Un peu plus de deux années sont passées depuis Dune Partie 1, qui offrait une immersion totale sur la planète Arrakis, et nous permettait de renifler les premières effluves d'épice. Et on reprend les choses exactement où on les avait laissées dans Dune partie 2, avec notre protagoniste, Paul Atreides, recueilli par les Fremen.

L'intérêt principal de Dune est de subvertir la quête du héros. Traditionnellement, le héros d'une histoire est quelqu'un de bon, à qui il arrive des épreuves, en règle générale, il les surmonte, prend de l'expérience, et parvient à triompher à la fin. Ce schéma se reproduit dans Dune mais cependant, on y sent une certaine fatalité.
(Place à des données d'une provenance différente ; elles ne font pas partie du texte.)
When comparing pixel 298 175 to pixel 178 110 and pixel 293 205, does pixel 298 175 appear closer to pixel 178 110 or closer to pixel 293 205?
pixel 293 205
Car en effet, ici, le protagoniste Paul, n'est pas un héros. Son don de prescience lui fait bien voir que, s'il emprunte le chemin qu'on attend de lui, un véritable génocide aura lieu. Le prix à payer pour triompher de tous ses ennemis. Car dans sa quête, pour défendre sa cause, Paul ne peut absolument pas se soustraire au fanatisme des Fremen, qui le voient comme un prophète, celui qui les guidera au paradis.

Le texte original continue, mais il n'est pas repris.